◆ **PROBLEM TO SOLVE**
Go through the data below. Pull out every line that has the word "with".

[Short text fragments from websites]
=======
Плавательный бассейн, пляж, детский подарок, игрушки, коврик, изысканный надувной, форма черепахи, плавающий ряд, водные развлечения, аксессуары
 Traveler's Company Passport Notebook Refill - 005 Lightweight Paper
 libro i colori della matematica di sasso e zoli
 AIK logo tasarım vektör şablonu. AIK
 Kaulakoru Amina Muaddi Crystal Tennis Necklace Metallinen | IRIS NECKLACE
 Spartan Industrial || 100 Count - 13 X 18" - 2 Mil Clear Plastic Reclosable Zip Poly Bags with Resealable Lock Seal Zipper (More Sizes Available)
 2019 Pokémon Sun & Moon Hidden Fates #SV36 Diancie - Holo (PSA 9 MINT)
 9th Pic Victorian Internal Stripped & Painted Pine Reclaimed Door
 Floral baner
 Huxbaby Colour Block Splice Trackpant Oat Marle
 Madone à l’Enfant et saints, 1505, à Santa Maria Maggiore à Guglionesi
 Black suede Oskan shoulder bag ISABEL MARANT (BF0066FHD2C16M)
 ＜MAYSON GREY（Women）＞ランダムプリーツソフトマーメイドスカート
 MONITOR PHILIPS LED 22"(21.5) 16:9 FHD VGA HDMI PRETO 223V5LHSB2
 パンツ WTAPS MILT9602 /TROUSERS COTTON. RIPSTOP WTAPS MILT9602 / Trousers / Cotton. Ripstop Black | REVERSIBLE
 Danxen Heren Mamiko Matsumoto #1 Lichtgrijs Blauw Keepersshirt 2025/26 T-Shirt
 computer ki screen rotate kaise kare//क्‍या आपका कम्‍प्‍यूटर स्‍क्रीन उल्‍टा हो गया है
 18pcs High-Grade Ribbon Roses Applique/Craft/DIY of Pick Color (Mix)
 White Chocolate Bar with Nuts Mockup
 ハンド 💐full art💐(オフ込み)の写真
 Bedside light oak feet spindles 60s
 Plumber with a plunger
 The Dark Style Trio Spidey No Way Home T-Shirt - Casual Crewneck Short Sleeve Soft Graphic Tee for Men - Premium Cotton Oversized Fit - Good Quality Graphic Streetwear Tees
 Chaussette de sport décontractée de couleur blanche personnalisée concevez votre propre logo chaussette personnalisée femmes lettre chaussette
=======
◆ **THE COMPLETED TASK**
 Spartan Industrial || 100 Count - 13 X 18" - 2 Mil Clear Plastic Reclosable Zip Poly Bags with Resealable Lock Seal Zipper (More Sizes Available)
 White Chocolate Bar with Nuts Mockup
 Plumber with a plunger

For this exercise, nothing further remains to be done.